If you work in the press gallery, you’ll hear regular rumours about the personal lives of politicians. Usually, they’re wrong. Often they’re circulated not by someone’s political opponents in another party but by party enemies — shit-sheets are almost invariably internal documents.
Rumours about a senior MP and one of their staffers have been circulating for some time. On Saturday, a News Corp tabloid decided, under the guise of reporting on a smear campaign against the MP, to allude, without much detail, to them. Fortunately, it received virtually no media follow-up, except obliquely, in The Australian today. Nonetheless, probably 95% of the people who now know something about the matter only do so because of the editorial decision of one outlet.
On social media, there was plenty of sniping from the Twitterati about the unwillingness of the press gallery to cover the story. There were two main arguments: prominent figures from the other party to the MP had been targeted over their personal lives in years and decades previous, so that made it somehow OK. Alternatively, the MP had, in their political activities, set a different standard for behaviour to the one they allegedly had exhibited themselves.

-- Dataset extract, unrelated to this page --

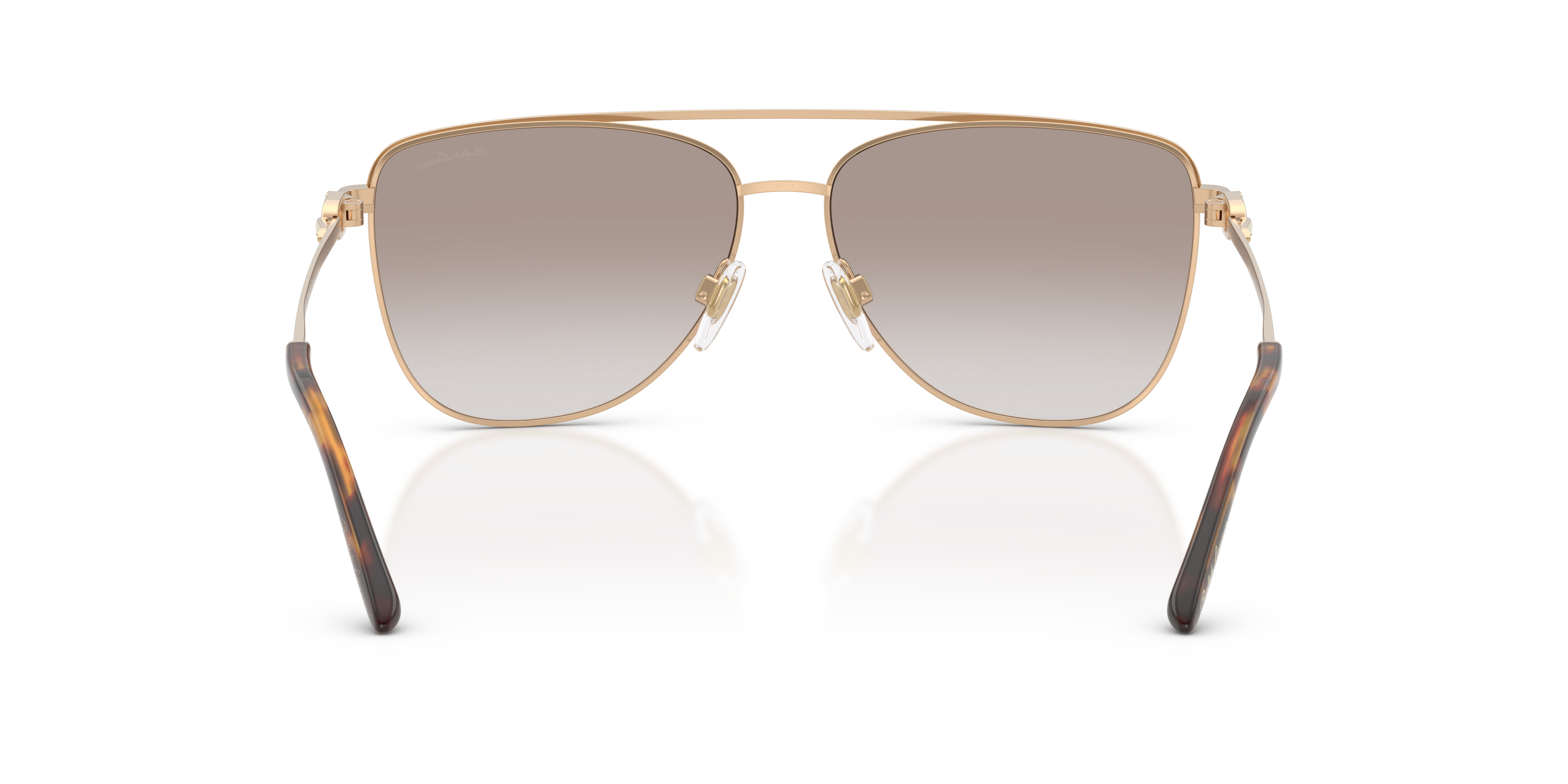 Ralph Lauren RL7096 94876E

The first argument doesn’t pass muster. This is not a partisan issue: it is always wrong to cover the personal lives of figures except where there’s a public interest justification. The second argument depends on where you set the threshold. In this case, the threshold appears to have been set absurdly low. Merely mentioning marriage doesn’t make you a family values campaigner whose hypocrisy needs to be exposed to the public. There needs to be a compelling public interest in such exposure, and even if these specific allegations are true, this case is a very long way from satisfying that.
There is a public interest if taxpayer money is being wasted, or if an MP or anyone else is engaging in harassment — or litigation eventuates. MPs’ offices can be deeply toxic workplaces; many people have had their lives ruined by bullying and harassment by politicians; politics isn’t magically free of sexual predators and rapists. But again, there’s no suggestion that any of that applies in this case. People have workplace affairs. People meet future partners at work. None of that is anyone else’s business. Especially when most of the rest of us are pretty imperfect as well.